→ What you should do: Restate all the data word for word and omit the pictures.

→ Given data:
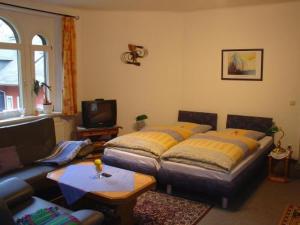 a living room with two beds and a couch at Hotel-Pension Königswald in Dresden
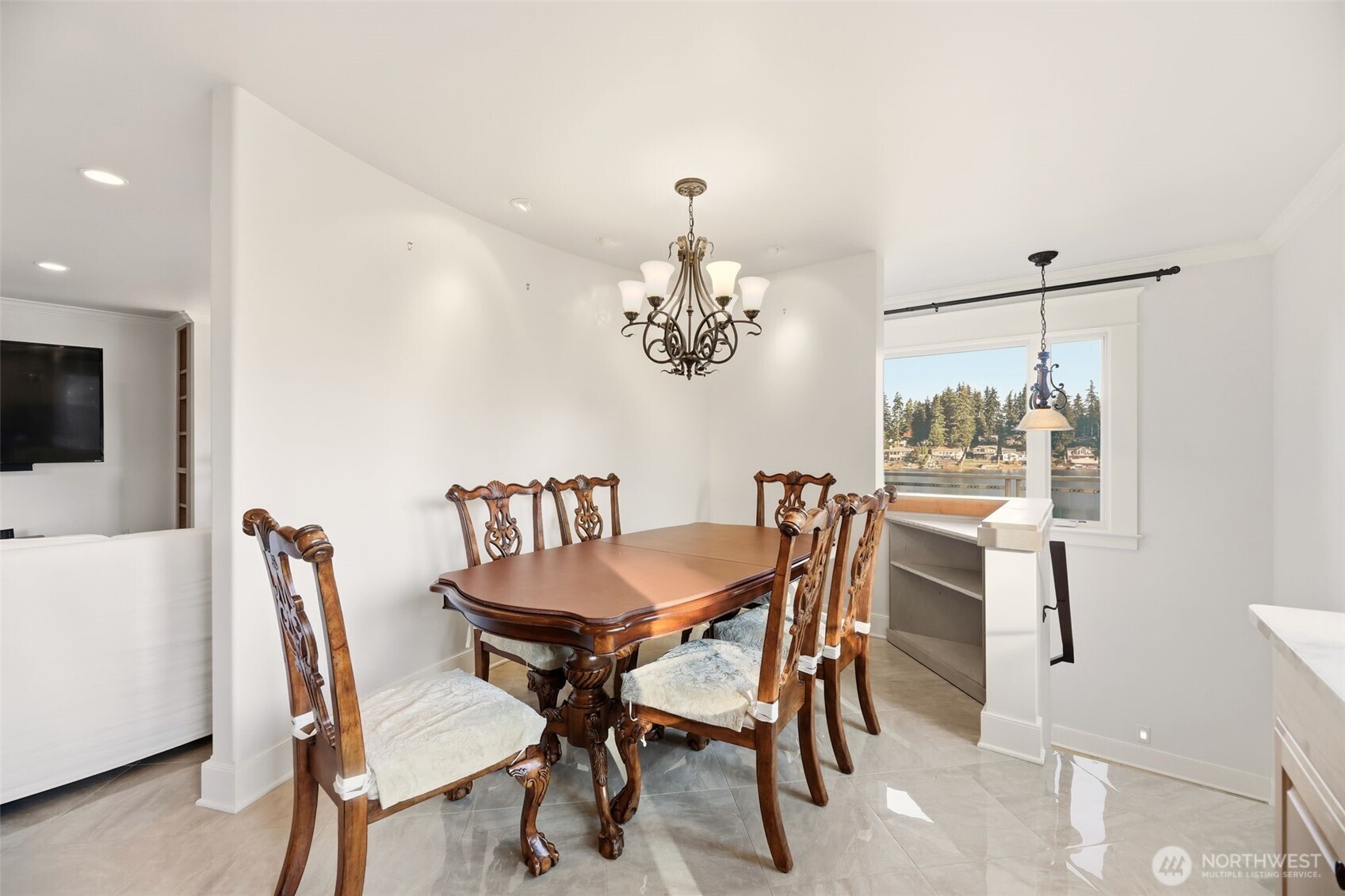 3821 Shelby Road Lynnwood, WA 98087 - Photo 16 of 40 a dining room with furniture a chandelier and window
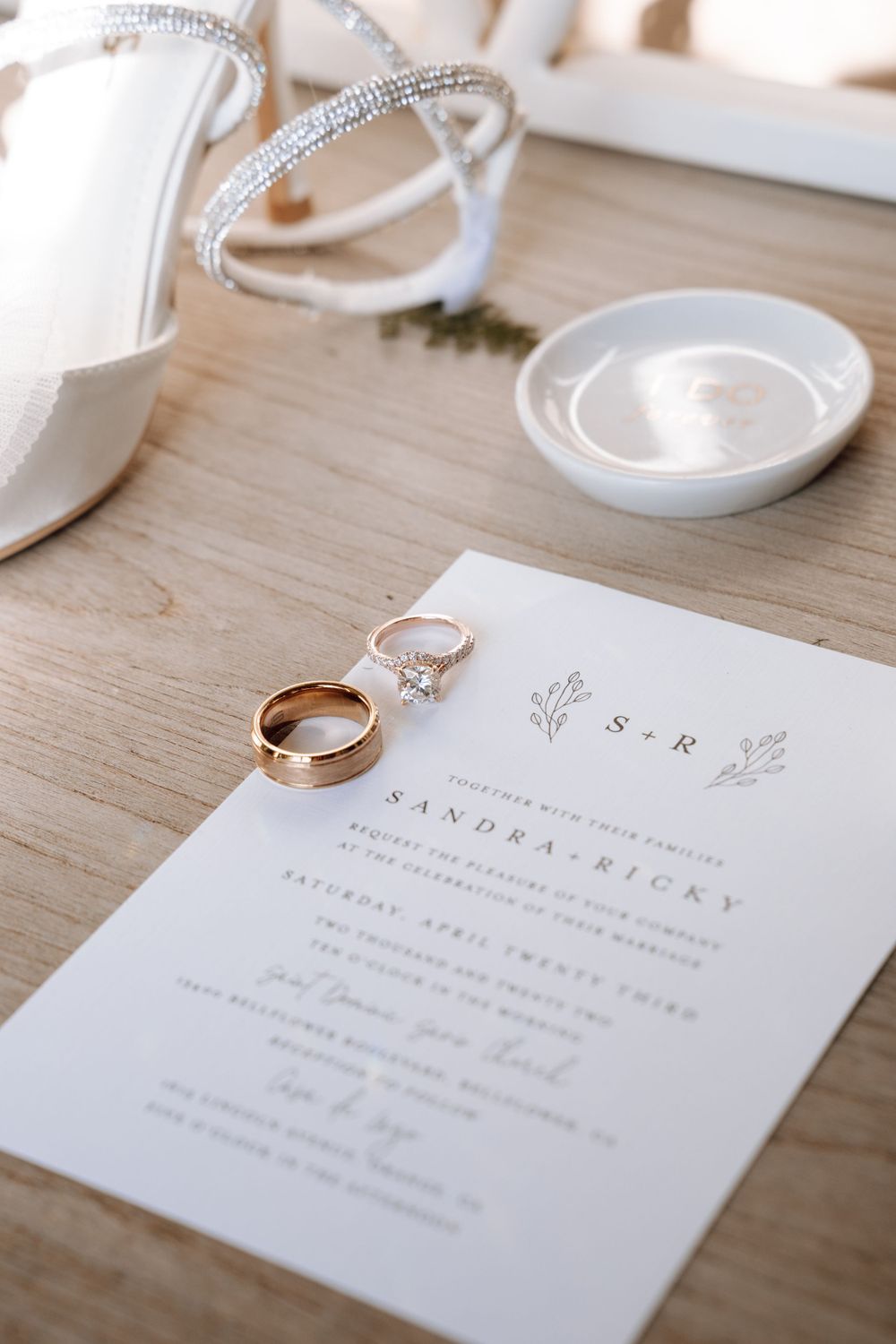 Close-up shot of wedding invitations and rings, shot by natural light photographer Melina Garcia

→ Solution to this problem:
 a living room with two beds and a couch at Hotel-Pension Königswald in Dresden
 3821 Shelby Road Lynnwood, WA 98087 - Photo 16 of 40 a dining room with furniture a chandelier and window
 Close-up shot of wedding invitations and rings, shot by natural light photographer Melina Garcia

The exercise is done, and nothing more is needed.